Last but certainly not least, we should look at the passive crossover networks. Each network includes three switches. The first switch has +2, 0 and -2 dB settings for the tweeter level that provide attenuation options based on placement. The second switch selects between on- and off-axis response curves. If your installation has the tweeters pointed directly at you, you’ll want the on-axis option. If they’re off-axis, as they would be when mounted flush in a door panel, then the off-axis option is available. Finally, a hidden switch inside the plastic case allows your installer to select bi-amp wiring. In the bi-amp mode, there’s a dedicated input for the woofer and a second input for the tweeter. Each driver can have an amplifier channel assigned to it for extremely precise level-setting or to include signal delays to improve imaging.
Component Speaker Measurements and Analysis
Now that I’m done poking, prodding and otherwise fondling the speakers, it’s time to start making some measurements. I started by measuring the Thiele/Small parameters of the woofers straight out of the box. I do this to see if the driver’s parameters will change as they break in. After I had a complete data set, I set both woofers up on my bench and played a low-frequency test tone into them for about 10 hours. I set the level so that the speakers were just below the point of producing significant audible distortion.
After finishing the break-in and letting them cool, I repeated the measurements. The resonant frequency of the drivers dropped from around 63 hertz down to 49 hertz. In addition, the equivalent compliance (Vas) increased from about 13 liters to almost 17. These are both significant changes. As such, I recommend a thorough break-in period before the final calibration is done on any system that will use these woofers.

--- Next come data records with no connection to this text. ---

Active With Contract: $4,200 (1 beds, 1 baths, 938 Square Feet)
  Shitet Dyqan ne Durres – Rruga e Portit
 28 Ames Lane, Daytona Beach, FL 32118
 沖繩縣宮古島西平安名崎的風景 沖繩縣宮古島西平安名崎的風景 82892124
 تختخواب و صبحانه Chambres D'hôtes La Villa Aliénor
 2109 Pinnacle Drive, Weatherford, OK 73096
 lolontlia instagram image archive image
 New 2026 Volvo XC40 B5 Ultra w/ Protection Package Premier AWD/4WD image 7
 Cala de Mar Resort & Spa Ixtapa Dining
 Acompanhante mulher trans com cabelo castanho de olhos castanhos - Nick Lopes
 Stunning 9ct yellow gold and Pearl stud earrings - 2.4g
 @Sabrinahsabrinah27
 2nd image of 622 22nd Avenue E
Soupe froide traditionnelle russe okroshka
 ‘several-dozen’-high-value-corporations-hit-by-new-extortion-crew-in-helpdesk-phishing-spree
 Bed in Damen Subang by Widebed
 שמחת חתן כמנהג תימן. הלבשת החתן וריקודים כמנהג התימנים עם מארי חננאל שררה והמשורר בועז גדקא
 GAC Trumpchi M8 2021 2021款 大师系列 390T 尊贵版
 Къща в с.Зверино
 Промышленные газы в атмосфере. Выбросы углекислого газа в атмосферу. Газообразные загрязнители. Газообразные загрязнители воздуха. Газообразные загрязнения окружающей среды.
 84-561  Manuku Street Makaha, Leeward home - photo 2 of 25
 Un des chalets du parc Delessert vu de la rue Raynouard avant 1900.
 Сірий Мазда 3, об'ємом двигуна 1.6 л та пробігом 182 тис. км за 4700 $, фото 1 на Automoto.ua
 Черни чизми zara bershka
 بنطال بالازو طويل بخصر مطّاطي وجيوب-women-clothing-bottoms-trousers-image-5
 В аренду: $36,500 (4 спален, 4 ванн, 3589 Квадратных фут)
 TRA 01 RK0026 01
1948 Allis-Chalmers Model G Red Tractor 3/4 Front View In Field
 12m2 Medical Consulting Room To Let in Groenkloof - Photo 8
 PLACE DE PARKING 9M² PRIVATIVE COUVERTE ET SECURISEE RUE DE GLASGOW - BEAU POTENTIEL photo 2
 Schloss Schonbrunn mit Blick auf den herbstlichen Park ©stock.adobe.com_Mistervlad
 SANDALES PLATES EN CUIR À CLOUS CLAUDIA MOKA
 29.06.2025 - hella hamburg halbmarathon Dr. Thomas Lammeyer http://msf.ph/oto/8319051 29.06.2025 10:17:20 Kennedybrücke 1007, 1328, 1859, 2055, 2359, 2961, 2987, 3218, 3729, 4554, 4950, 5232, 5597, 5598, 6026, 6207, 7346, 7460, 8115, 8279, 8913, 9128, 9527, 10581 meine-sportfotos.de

Regarding sample-to-sample consistency, the drivers have a resonant frequency within 1 hertz of each other, and the compliance is within 0.1 liters. The calculated efficiency between the two woofers was within 0.14 dB of each other. You may hear of brands that sell speakers in “matched sets.” Often this is a requirement because the quality control standards are lax, and they need to pair similar drivers. The woofers in the T4652-S are incredibly similar, so your system should provide a very stable image. The specifications in the owner’s manual are very close to my measurements, further supporting my observation of consistent manufacturing processes.
Looking at the parameters, we can see that the overall inductance is quite low at 0.16 millihenry. If we compare this to a driver without IDHS induction management technology, we’d see a value more like 0.8 or 0.9, which would act as a low-pass filter and roll off the upper midrange. The Total Q (Qts) is nice and low a 0.57. Perfect “damping” is 0.5, while most speaker designers opt for a little more midbass bump with a value of 0.7. These woofers split the difference. As such, you might find them a touch on the dry side if you use them without a subwoofer. The benefit is that they should be very accurate and dynamic, or what some mistakenly describe as “fast.”
I loaded the measured parameters into BassBox Pro to do some application analysis. An ideal sealed enclosure with a Qtc of 0.707 and an F3 frequency of 66.6 hertz would require an internal volume of 0.697 cubic foot. If you wanted to install these in a vented enclosure, the software suggested a cabinet with a net internal volume of 1.3 cubic feet with a vent tuned to 38 Hz. The -3 dB frequency of this system would be 33.1 hertz. Overall, these drivers model as excellent woofers in terms of their parameters.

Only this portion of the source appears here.